À titre comparatif, en 2023, les prix de l’électricité étaient les suivants dans quelques pays:

0,4646€ /kWh au Royaume-Uni

0,2375€ /kWh en Italie

0,2276€ /kWh en France

0,1518€ /kWh en Espagne

0,229$ /kWh en Australie

0,174$ /kWh aux USA

0,122$ /kWh au Canada

0,090$ /kWh en Jordanie

0,08$ /kWh aux Émirats arabes unis

0,072$ /kWh au Ghana

0,048$ /kWh en Arabie saoudite

0,03$ /kWh au Nigeria

0,029$ /kWh au Koweït

0,01$ /kWh en Égypte

0,005$ /kWh en Syrie

Ce puits sans fond du Liban, qu’est EDL, a coûté environ 45 milliards de dollars aux finances publiques depuis 1993, selon les chiffres de la Banque du Liban. Des chiffres qui concordent avec ceux de la Banque mondiale qui estime qu’environ 46% de la dette publique libanaise cumulée depuis 1992 (plus de 100 milliards de dollars) seraient attribués aux transferts du Trésor vers EDL. Pourtant l’électricité n’a jamais été fournie qu’avec parcimonie. Où sont donc passées ces sommes astronomiques? Sans doute dans les poches de plus d’un.

La tarification, un vol flagrant

Selon une source qui suit de près le dossier de l’électricité au Liban, la nouvelle tarification du Kwh et des abonnements constitue un vol flagrant et présente beaucoup d’infractions et de transgressions à la loi. De même source, on fait état d’une action qui va être menée d’abord auprès de EDL. Si elle reste lettre morte, le Conseil d’État sera saisi.

Les factures sont astronomiques et, surtout, illogiques, vu le nombre d’heures de courant distribuées, et les citoyens n’ont de cesse d’envoyer des plaintes, relève-t-on de même source.

Le souci premier de l’État libanais, qui a vidé le Trésor et dilapidé en même temps l’argent des Libanais, est aujourd’hui de développer ses recettes, en donnant l’impression qu’il œuvre pour régler la crise dans lequel le pays est plongé depuis 2020, sans réaliser les réformes indispensables exigées de lui.

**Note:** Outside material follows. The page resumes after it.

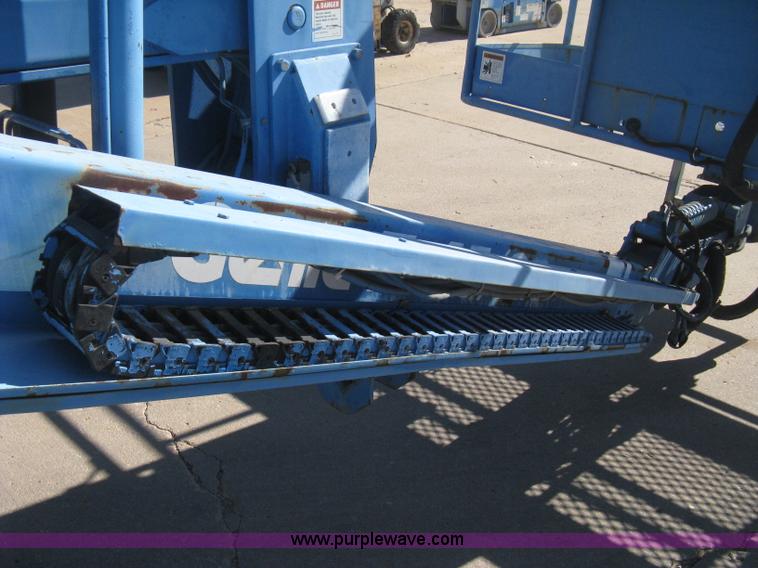 image for item B8268 1993 Genie Z-45/22 knuckle boom lift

Ce qui fait dire à un député de l’opposition que les frais de "l’électricité et d’autres services publics sont utilisés aujourd’hui comme moyens de générer des revenus sous forme d’impôt et non de service". Il estime que le fait que EDL ne soit ni privatisée ni même transformée en société, malgré l’adoption d’une loi à cet égard en 2002, l’a transformée "de service en forme de source de taxes". "Les entreprises publiques sont mal gérées et les revenus qu’elles génèrent vont au Trésor, mais ne sont pas dépensés pour l’amélioration des services. Il s’agit d’une forme typique de défaillance de l’État", s’insurge-t-il.

Il est vrai que depuis 2021, le marché de l’énergie fait face à une forte augmentation des tarifs de l’électricité et que dans de nombreux pays européens, comme l’Allemagne ou encore les Pays-Bas, les prix de l’électricité ont doublé, voire triplé, mais au Liban, ils ont été multipliés par 100 pour un service chimérique.